__Task requirements__: Where the listing below has a line with "景德鎮1日包車遊打卡寶藏瓷都 景德鎮1日包車遊打卡寶藏瓷都", write out exactly that line and every line after it, stopping after the line with "27-11-2024 Natal Luzes".

__Dataset records__:
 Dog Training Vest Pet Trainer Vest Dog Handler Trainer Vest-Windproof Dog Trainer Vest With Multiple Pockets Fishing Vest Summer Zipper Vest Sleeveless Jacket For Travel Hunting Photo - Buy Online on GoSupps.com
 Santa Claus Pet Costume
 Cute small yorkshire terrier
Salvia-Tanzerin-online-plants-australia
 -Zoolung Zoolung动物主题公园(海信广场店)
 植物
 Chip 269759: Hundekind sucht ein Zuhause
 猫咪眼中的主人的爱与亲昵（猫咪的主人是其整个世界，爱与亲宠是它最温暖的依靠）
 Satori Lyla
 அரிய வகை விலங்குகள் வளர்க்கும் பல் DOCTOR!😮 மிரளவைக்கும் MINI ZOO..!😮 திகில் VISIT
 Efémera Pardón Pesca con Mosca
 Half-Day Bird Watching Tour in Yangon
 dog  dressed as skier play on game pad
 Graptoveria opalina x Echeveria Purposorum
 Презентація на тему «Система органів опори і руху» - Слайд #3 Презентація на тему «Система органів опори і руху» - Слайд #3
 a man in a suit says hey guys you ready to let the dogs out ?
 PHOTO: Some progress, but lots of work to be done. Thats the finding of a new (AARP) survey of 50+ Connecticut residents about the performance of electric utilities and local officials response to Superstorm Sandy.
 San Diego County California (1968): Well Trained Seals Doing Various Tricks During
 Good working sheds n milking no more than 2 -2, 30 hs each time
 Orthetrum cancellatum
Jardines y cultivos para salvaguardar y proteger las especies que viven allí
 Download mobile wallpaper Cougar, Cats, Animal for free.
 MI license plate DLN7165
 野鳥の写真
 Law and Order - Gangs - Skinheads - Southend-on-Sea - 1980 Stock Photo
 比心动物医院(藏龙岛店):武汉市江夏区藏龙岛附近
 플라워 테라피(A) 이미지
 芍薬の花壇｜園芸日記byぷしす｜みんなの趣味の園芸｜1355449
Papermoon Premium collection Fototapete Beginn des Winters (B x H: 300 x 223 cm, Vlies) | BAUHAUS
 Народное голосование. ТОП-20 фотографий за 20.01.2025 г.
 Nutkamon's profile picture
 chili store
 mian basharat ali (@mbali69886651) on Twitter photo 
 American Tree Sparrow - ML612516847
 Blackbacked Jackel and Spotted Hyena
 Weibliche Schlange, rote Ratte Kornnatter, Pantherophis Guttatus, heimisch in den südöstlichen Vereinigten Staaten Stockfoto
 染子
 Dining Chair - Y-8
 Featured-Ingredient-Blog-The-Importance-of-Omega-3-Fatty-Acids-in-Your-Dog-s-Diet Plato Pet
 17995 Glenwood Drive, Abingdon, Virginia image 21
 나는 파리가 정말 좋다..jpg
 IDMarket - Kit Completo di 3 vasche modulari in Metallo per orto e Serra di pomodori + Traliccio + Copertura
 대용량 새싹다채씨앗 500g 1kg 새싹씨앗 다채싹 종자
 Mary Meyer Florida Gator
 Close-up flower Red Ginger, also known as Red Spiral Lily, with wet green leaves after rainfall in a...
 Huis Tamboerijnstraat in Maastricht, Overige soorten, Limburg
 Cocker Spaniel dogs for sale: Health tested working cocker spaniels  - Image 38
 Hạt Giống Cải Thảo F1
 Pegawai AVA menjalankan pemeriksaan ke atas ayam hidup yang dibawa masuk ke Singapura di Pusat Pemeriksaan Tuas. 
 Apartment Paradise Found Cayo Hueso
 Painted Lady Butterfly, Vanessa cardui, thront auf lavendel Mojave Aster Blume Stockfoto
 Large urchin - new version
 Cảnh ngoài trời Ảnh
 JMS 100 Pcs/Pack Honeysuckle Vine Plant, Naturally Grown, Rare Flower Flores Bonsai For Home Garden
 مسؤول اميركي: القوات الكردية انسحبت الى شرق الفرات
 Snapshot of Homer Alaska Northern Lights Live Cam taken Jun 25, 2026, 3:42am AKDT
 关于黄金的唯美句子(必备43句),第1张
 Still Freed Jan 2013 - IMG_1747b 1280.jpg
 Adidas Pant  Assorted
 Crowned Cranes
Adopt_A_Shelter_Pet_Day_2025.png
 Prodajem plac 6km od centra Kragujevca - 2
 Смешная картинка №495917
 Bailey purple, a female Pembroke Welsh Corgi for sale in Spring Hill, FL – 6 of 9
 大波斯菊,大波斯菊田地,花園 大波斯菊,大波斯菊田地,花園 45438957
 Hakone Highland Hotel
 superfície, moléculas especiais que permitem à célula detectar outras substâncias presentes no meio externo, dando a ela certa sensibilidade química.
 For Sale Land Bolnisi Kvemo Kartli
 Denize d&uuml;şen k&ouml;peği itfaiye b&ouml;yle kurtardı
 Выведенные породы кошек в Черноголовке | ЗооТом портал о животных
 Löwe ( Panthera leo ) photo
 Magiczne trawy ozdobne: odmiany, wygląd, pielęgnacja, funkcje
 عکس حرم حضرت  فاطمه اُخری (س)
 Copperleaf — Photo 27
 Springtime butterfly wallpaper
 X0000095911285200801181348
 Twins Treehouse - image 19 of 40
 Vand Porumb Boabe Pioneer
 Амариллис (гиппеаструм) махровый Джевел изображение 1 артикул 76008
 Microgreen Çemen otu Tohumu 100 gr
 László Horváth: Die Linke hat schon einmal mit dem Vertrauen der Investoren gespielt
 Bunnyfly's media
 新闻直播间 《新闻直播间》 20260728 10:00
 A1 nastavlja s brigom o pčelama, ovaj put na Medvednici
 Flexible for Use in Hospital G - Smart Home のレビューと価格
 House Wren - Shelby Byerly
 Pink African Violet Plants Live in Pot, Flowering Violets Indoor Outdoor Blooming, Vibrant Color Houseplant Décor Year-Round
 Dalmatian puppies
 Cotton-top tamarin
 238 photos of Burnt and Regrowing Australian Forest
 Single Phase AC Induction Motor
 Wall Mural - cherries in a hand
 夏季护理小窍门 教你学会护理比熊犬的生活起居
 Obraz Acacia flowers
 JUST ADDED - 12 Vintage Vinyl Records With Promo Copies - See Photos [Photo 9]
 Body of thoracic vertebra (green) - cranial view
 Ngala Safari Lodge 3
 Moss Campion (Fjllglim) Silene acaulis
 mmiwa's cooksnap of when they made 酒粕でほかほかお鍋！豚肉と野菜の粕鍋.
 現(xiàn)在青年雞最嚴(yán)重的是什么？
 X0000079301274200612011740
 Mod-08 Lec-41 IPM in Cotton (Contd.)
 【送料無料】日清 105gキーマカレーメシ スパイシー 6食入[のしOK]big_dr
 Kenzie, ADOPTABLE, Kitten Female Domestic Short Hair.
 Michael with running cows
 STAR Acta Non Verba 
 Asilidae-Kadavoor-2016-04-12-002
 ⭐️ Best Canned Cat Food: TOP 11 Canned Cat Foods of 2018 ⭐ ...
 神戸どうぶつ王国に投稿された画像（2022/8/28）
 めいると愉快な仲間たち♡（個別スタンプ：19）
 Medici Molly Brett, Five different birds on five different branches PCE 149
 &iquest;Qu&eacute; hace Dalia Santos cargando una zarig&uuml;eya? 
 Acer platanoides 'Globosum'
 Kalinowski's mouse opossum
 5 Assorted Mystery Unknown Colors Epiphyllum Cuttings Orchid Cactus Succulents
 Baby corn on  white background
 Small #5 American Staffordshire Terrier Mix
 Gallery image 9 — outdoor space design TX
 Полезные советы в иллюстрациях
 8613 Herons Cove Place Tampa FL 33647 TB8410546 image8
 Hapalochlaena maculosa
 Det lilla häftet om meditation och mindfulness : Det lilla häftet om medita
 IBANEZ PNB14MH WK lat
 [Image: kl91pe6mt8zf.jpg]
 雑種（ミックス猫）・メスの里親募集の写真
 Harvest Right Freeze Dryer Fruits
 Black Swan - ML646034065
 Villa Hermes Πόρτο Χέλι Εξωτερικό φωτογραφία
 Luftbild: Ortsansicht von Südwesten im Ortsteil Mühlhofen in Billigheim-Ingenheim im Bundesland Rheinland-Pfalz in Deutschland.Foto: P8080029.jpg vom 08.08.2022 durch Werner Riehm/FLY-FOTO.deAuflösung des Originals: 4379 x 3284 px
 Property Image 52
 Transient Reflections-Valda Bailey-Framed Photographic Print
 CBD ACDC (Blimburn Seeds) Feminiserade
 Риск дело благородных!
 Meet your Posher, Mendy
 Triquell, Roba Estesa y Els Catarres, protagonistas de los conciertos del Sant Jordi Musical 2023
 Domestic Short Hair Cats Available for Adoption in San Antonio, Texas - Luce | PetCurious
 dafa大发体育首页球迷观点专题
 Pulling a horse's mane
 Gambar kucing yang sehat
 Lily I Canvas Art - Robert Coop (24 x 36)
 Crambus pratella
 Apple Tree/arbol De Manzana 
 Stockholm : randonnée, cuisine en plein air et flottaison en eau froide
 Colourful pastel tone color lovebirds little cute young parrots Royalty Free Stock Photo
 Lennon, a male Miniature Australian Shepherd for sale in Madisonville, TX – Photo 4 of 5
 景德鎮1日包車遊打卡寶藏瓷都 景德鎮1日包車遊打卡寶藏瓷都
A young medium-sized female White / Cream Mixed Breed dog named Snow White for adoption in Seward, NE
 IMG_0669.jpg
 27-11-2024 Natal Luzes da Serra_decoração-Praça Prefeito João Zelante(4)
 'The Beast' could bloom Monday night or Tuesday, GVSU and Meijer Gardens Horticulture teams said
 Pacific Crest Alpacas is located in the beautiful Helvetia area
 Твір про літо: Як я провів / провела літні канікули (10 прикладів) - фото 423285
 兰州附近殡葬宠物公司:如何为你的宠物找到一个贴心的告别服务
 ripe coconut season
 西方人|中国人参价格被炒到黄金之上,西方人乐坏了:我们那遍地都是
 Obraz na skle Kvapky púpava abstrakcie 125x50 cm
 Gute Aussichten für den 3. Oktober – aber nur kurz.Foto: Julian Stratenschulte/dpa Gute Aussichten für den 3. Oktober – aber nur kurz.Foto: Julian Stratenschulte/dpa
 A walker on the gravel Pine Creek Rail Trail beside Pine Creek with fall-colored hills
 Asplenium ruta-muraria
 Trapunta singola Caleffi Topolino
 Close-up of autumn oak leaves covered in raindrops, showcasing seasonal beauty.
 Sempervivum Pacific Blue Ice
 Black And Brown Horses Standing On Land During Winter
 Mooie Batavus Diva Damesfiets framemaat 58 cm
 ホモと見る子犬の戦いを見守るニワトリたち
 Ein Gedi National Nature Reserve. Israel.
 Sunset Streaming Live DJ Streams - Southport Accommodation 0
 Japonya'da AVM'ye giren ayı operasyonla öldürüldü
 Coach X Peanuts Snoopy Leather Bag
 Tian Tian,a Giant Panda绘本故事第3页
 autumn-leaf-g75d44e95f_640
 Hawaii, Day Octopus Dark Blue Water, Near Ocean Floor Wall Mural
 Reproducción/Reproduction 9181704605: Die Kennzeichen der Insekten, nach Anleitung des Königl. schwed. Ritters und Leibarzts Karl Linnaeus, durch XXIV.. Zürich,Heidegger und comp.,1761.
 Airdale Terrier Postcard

__Output of the exercise__:
 景德鎮1日包車遊打卡寶藏瓷都 景德鎮1日包車遊打卡寶藏瓷都
A young medium-sized female White / Cream Mixed Breed dog named Snow White for adoption in Seward, NE
 IMG_0669.jpg
 27-11-2024 Natal Luzes da Serra_decoração-Praça Prefeito João Zelante(4)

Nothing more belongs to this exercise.